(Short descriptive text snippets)
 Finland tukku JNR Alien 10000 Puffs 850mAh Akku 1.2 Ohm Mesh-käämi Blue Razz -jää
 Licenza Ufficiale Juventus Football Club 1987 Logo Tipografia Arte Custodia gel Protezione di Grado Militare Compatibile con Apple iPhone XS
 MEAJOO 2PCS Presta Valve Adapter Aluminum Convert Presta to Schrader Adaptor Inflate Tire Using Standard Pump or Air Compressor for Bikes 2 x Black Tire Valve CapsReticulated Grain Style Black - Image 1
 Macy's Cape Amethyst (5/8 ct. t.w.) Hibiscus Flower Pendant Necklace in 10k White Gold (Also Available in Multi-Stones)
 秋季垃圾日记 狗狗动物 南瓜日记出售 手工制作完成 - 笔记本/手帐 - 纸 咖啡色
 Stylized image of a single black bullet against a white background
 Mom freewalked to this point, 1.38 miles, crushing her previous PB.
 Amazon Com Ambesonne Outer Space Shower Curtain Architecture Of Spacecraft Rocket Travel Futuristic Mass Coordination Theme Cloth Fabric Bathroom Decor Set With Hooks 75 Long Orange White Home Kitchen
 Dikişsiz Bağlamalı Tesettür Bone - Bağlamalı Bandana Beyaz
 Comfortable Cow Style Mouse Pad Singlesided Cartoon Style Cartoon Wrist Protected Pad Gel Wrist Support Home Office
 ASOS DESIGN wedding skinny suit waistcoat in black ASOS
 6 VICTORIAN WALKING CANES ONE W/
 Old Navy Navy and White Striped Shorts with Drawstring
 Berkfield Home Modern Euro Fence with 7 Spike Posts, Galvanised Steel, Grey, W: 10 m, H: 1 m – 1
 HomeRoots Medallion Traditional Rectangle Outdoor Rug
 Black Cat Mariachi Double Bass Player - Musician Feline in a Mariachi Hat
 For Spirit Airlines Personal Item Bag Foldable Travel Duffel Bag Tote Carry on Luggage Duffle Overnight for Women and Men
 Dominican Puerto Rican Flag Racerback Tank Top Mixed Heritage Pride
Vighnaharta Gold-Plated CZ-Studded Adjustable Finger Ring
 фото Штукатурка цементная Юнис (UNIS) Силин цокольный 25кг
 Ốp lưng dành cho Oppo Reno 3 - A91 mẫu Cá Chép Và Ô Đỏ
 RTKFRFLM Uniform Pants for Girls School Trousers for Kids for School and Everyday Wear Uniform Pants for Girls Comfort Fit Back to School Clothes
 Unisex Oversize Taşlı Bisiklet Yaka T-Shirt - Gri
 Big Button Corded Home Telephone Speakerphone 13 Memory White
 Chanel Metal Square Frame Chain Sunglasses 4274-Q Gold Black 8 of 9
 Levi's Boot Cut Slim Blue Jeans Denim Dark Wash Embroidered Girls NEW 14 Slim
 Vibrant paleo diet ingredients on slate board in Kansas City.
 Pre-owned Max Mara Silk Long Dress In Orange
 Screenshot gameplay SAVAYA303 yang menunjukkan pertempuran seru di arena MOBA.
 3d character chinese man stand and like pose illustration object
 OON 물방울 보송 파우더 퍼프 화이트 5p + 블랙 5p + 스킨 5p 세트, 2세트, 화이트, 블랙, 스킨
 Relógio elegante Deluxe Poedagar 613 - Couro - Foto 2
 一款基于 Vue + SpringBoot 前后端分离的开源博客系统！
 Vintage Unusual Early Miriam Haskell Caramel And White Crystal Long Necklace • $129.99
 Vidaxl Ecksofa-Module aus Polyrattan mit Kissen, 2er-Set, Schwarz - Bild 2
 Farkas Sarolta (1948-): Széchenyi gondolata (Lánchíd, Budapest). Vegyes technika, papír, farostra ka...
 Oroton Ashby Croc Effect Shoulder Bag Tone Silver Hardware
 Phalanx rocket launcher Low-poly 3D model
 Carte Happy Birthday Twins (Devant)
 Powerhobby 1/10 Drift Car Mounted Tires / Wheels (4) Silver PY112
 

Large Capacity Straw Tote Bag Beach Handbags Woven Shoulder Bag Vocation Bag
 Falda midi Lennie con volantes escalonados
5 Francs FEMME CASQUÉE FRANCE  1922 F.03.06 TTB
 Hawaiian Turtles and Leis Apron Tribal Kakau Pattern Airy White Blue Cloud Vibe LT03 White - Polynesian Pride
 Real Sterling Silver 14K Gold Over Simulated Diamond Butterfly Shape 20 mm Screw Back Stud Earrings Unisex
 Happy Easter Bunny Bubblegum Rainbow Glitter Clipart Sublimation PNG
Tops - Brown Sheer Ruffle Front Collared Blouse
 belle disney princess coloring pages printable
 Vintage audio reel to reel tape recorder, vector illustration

Your instructions —
Write out an exact copy of every record shown above.

Response to the task —
 Finland tukku JNR Alien 10000 Puffs 850mAh Akku 1.2 Ohm Mesh-käämi Blue Razz -jää
 Licenza Ufficiale Juventus Football Club 1987 Logo Tipografia Arte Custodia gel Protezione di Grado Militare Compatibile con Apple iPhone XS
 MEAJOO 2PCS Presta Valve Adapter Aluminum Convert Presta to Schrader Adaptor Inflate Tire Using Standard Pump or Air Compressor for Bikes 2 x Black Tire Valve CapsReticulated Grain Style Black - Image 1
 Macy's Cape Amethyst (5/8 ct. t.w.) Hibiscus Flower Pendant Necklace in 10k White Gold (Also Available in Multi-Stones)
 秋季垃圾日记 狗狗动物 南瓜日记出售 手工制作完成 - 笔记本/手帐 - 纸 咖啡色
 Stylized image of a single black bullet against a white background
 Mom freewalked to this point, 1.38 miles, crushing her previous PB.
 Amazon Com Ambesonne Outer Space Shower Curtain Architecture Of Spacecraft Rocket Travel Futuristic Mass Coordination Theme Cloth Fabric Bathroom Decor Set With Hooks 75 Long Orange White Home Kitchen
 Dikişsiz Bağlamalı Tesettür Bone - Bağlamalı Bandana Beyaz
 Comfortable Cow Style Mouse Pad Singlesided Cartoon Style Cartoon Wrist Protected Pad Gel Wrist Support Home Office
 ASOS DESIGN wedding skinny suit waistcoat in black ASOS
 6 VICTORIAN WALKING CANES ONE W/
 Old Navy Navy and White Striped Shorts with Drawstring
 Berkfield Home Modern Euro Fence with 7 Spike Posts, Galvanised Steel, Grey, W: 10 m, H: 1 m – 1
 HomeRoots Medallion Traditional Rectangle Outdoor Rug
 Black Cat Mariachi Double Bass Player - Musician Feline in a Mariachi Hat
 For Spirit Airlines Personal Item Bag Foldable Travel Duffel Bag Tote Carry on Luggage Duffle Overnight for Women and Men
 Dominican Puerto Rican Flag Racerback Tank Top Mixed Heritage Pride
Vighnaharta Gold-Plated CZ-Studded Adjustable Finger Ring
 фото Штукатурка цементная Юнис (UNIS) Силин цокольный 25кг
 Ốp lưng dành cho Oppo Reno 3 - A91 mẫu Cá Chép Và Ô Đỏ
 RTKFRFLM Uniform Pants for Girls School Trousers for Kids for School and Everyday Wear Uniform Pants for Girls Comfort Fit Back to School Clothes
 Unisex Oversize Taşlı Bisiklet Yaka T-Shirt - Gri
 Big Button Corded Home Telephone Speakerphone 13 Memory White
 Chanel Metal Square Frame Chain Sunglasses 4274-Q Gold Black 8 of 9
 Levi's Boot Cut Slim Blue Jeans Denim Dark Wash Embroidered Girls NEW 14 Slim
 Vibrant paleo diet ingredients on slate board in Kansas City.
 Pre-owned Max Mara Silk Long Dress In Orange
 Screenshot gameplay SAVAYA303 yang menunjukkan pertempuran seru di arena MOBA.
 3d character chinese man stand and like pose illustration object
 OON 물방울 보송 파우더 퍼프 화이트 5p + 블랙 5p + 스킨 5p 세트, 2세트, 화이트, 블랙, 스킨
 Relógio elegante Deluxe Poedagar 613 - Couro - Foto 2
 一款基于 Vue + SpringBoot 前后端分离的开源博客系统！
 Vintage Unusual Early Miriam Haskell Caramel And White Crystal Long Necklace • $129.99
 Vidaxl Ecksofa-Module aus Polyrattan mit Kissen, 2er-Set, Schwarz - Bild 2
 Farkas Sarolta (1948-): Széchenyi gondolata (Lánchíd, Budapest). Vegyes technika, papír, farostra ka...
 Oroton Ashby Croc Effect Shoulder Bag Tone Silver Hardware
 Phalanx rocket launcher Low-poly 3D model
 Carte Happy Birthday Twins (Devant)
 Powerhobby 1/10 Drift Car Mounted Tires / Wheels (4) Silver PY112
 

Large Capacity Straw Tote Bag Beach Handbags Woven Shoulder Bag Vocation Bag
 Falda midi Lennie con volantes escalonados
5 Francs FEMME CASQUÉE FRANCE  1922 F.03.06 TTB
 Hawaiian Turtles and Leis Apron Tribal Kakau Pattern Airy White Blue Cloud Vibe LT03 White - Polynesian Pride
 Real Sterling Silver 14K Gold Over Simulated Diamond Butterfly Shape 20 mm Screw Back Stud Earrings Unisex
 Happy Easter Bunny Bubblegum Rainbow Glitter Clipart Sublimation PNG
Tops - Brown Sheer Ruffle Front Collared Blouse
 belle disney princess coloring pages printable
 Vintage audio reel to reel tape recorder, vector illustration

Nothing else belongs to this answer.